(Beginning of AVAILABLE DATA)

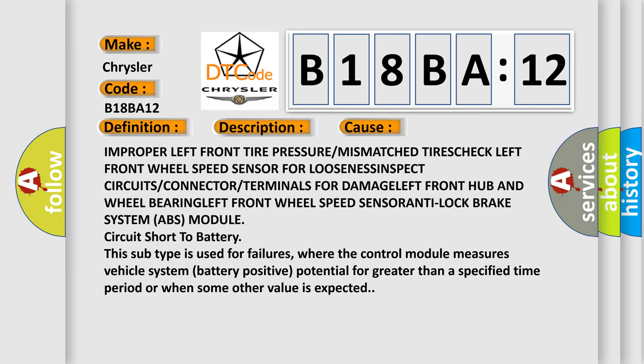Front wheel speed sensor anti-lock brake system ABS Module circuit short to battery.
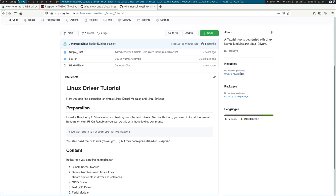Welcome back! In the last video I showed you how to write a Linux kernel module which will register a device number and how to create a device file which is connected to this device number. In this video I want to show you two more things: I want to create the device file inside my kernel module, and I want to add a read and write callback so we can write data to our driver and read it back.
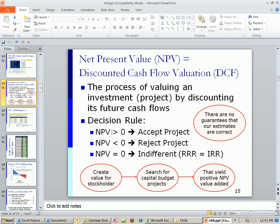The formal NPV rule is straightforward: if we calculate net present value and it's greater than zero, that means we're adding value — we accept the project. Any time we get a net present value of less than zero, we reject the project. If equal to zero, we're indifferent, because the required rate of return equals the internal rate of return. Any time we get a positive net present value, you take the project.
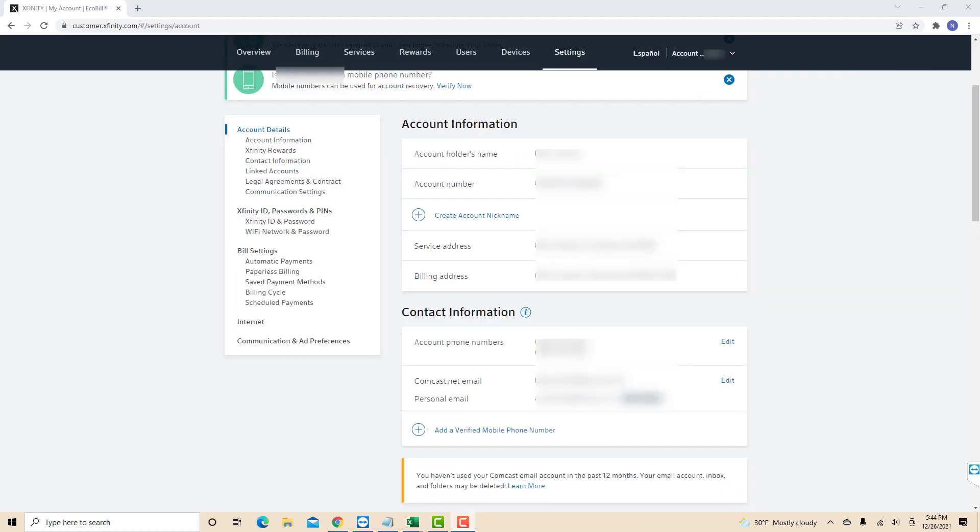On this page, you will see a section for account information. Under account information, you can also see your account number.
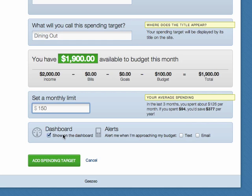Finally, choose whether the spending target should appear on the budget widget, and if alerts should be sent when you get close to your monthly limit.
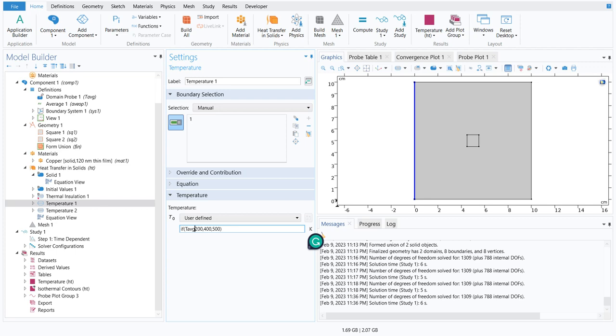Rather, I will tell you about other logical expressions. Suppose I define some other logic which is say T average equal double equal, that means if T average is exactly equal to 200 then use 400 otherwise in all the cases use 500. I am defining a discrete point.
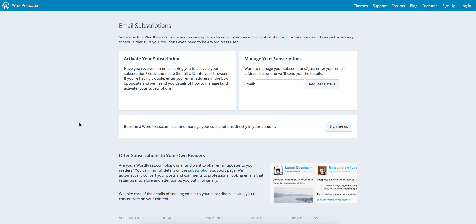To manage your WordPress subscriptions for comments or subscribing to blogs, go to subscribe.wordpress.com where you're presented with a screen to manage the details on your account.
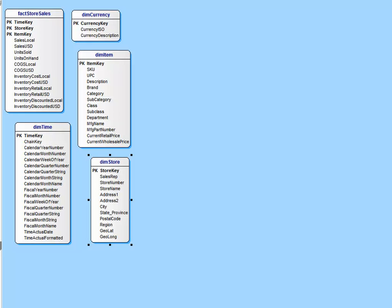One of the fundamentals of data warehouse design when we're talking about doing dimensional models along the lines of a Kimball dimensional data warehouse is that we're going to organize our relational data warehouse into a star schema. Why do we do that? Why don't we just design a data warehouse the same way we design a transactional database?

(End of AVAILABLE DATA)

**TASK INSTRUCTIONS:** Needed here is a verbatim copy of the data from the first line through the line with "Welcome back! In", without pictures.

**ANSWER BOX:**
Front wheel speed sensor anti-lock brake system ABS Module circuit short to battery.
Welcome back! In the last video I showed you how to write a Linux kernel module which will register a device number and how to create a device file which is connected to this device number. In this video I want to show you two more things: I want to create the device file inside my kernel module, and I want to add a read and write callback so we can write data to our driver and read it back.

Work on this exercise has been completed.